There were fewer male runners in 2012 that ran both Santa Claus and Equinox, but we get similar regression statistics. The model and coefficient are significant, and the variation in Santa Claus pace times explains just under 90% of the variation in Equinox times. That’s pretty good.

Here’s a plot of the results:

As before, the blue line shows the model relationship, and the grey area surrounding it shows the 95% confidence interval around that line. This interval represents the range over which 95% of the expected values should appear. The red line is the 1:1 line. As you’d expect for a race twice as long, all the Equinox pace times are significantly slower than for Santa Claus.
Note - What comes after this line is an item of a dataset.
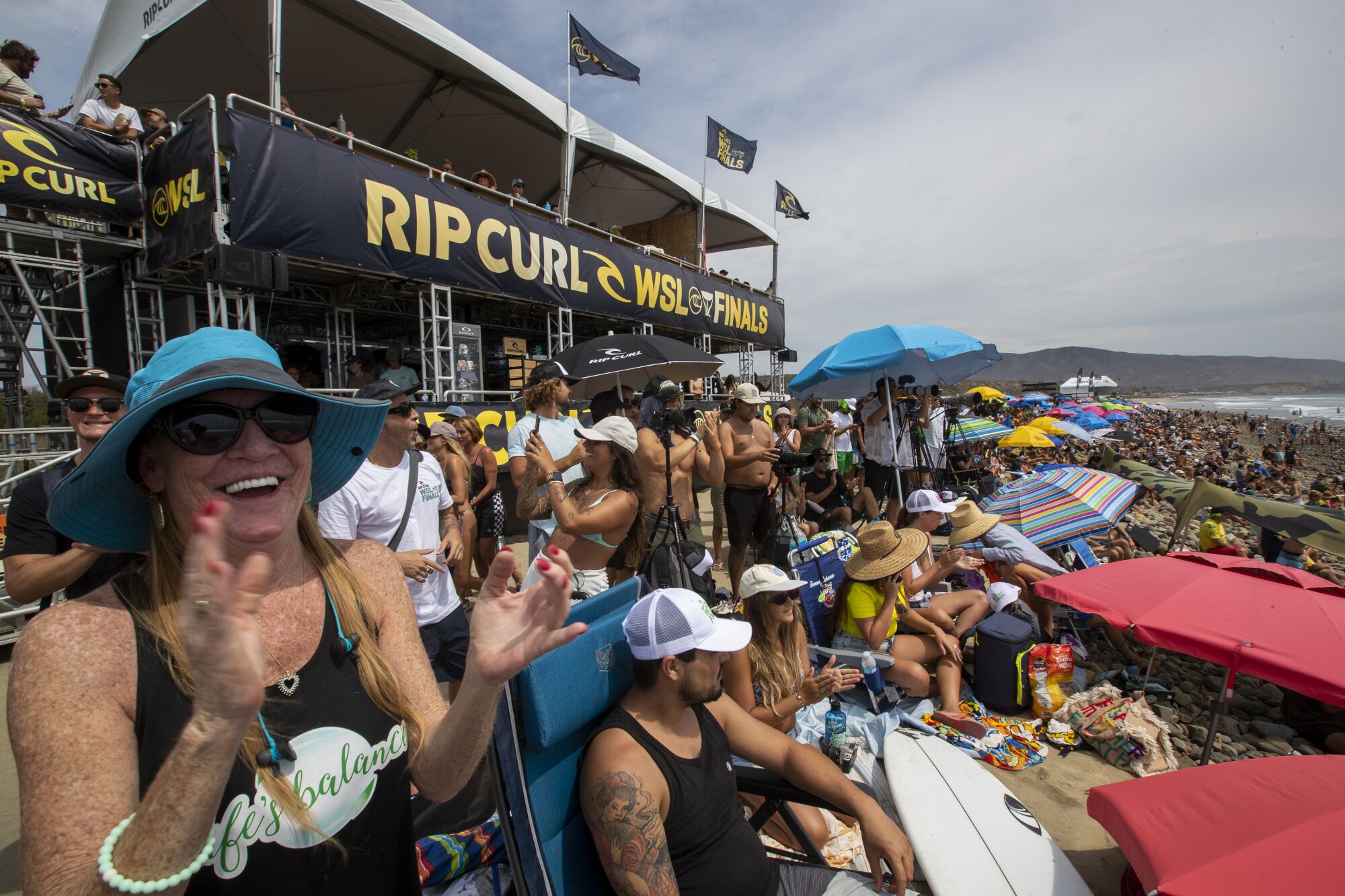 Hundreds of fans line the beach to watch the WSL Finals at Lower Trestles in San Clemente.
There were fewer similar runners in this data set:

2012 Race Results
Runner DOB Santa Claus Equinox Time Equinox Pace
John Scherzer 1972 8:17 4:49 11:01
Greg Newby 1965 8:30 5:03 11:33
Trent Hubbard 1972 8:31 4:48 11:00

This analysis predicts that I should be able to finish Equinox in just under five hours, which is pretty close to what I found when using Gold Discovery times in my last post. The model predicts a pace of 11:20 and an Equinox finish time of four hours and 57 minutes, and these results are within the range of the three similar runners listed above. Since I was running conservatively in the half marathon, and will probably try to do the same for Equinox, five hours seems like a good goal to shoot for.

sat, 27-jul-2013, 08:03

This spring I ran the Beat Beethoven 5K and had such a good time that I decided to give running another try. I’d tried adding running to my usual exercise routines in the past, but knee problems always sidelined me after a couple months. It’s been three months of slow increases in mileage using a marathon training plan by Hal Higdon, and so far so good.

My goal for this year, beyond staying healthy, is to participate in the 51st running of the Equinox Marathon here in Fairbanks.

One of the challenges for a beginning runner is how pace yourself during a race and how to know what your body can handle. Since Beat Beethoven I've run in the Lulu’s 10K, the Midnight Sun Run (another 10K), and last weekend I ran the 16.5 mile Gold Discovery Run from Cleary Summit down to Silver Gulch Brewery. I completed the race in two hours and twenty-nine minutes, at a pace of 9:02 minutes per mile. Based on this performance, I should be able to estimate my finish time and pace for Equinox by comparing the times for runners that participated in the 2012 Gold Discovery and Equinox.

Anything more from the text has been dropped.